NAME

Filter::Indent::HereDoc - allows here documents to be indented within code blocks

SYNOPSIS

use Filter::Indent::HereDoc;
{
  {
    print <<EOT;
    Hello, World!
    EOT
  }
}
# This will print "Hello, World!" and stop at EOT
# even though the termination string is indented.

DESCRIPTION

When a 'here document' is used, the document text and the termination string must be flush with the left margin, even if the rest of the code block is indented.

Filter::Indent::HereDoc removes this restriction, and acts in a more DWIM kind of way - that if the terminator string is indented then that level of indent will apply to the whole document.

If there is no terminator string (so the here document stops at the first blank line), then enough whitespace will be stripped out so that the leftmost character of the document will be flush with the left margin, e.g.

print <<;
     Hello,
    World!

# This will print:
 Hello,
World!

CAVEATS

  • At present, Filter::Indent::HereDoc does not attempt to parse any of the Perl code, it just searches for the '<<' string to locate the start of a here document. Therefore if you need to write '<<' without starting a here document, you must first use no Filter::Indent::HereDoc; to stop the code from being filtered, e.g.

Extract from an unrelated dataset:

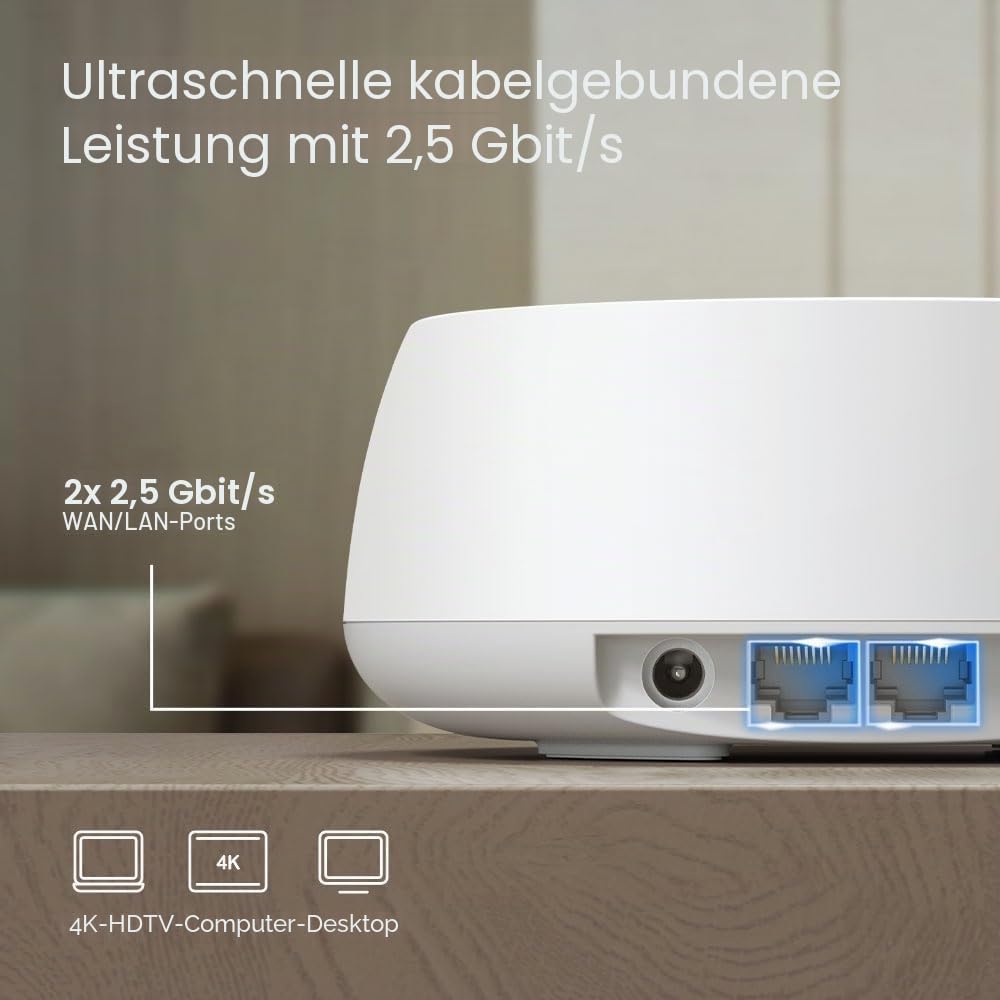 TP-Link Deco BE25 WiFi 7 Mesh WLAN(1 Pack), BE3600 Dual-Band Router und Access Point, 2 x 2.5 Gbit/s Ethernet Port, WPA3, 4 Streams, 160 MHz Kanäle, Gästenetzwerk, HomeShield
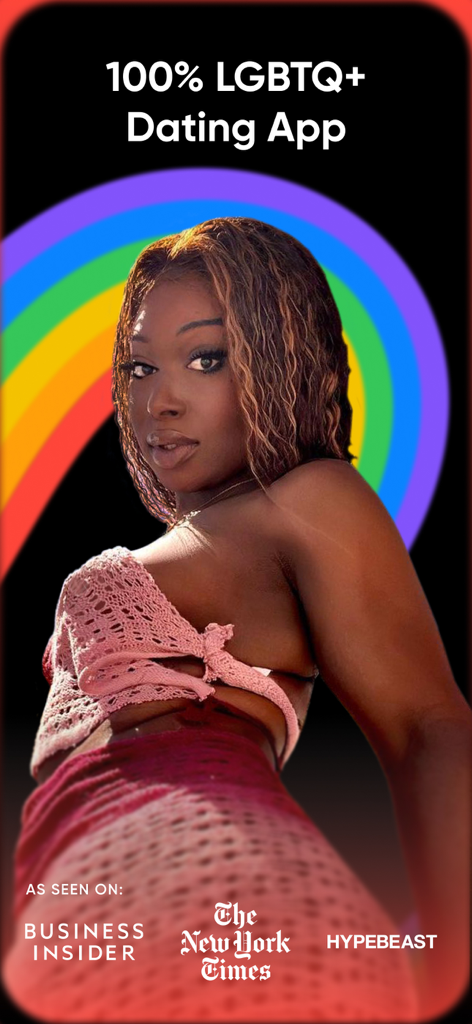 Taimi LGBTQ plus dating app promotional screen with rainbow background and media logos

    use Filter::Indent::HereDoc;
    print <<EOT;
    This is a here document
    EOT
    
    no Filter::Indent::HereDoc;
    print "<<EOT";  # This will be printed as normal
  • Due to the way in which whitespace is removed, Filter::Indent::HereDoc can become confused if your editor replaces groups of spaces with tab characters. Different text editors use different tab stops, so for portability reasons it is probably best to avoid this feature.

SEE ALSO

Filter::Simple, http://perl.jonallen.info/modules, perlfaq4

AUTHOR

Jon Allen, <jj@jonallen.info>

COPYRIGHT AND LICENSE

Copyright 2003 by Jon Allen

This module is free software; you can redistribute it and/or modify it under the same terms as Perl itself.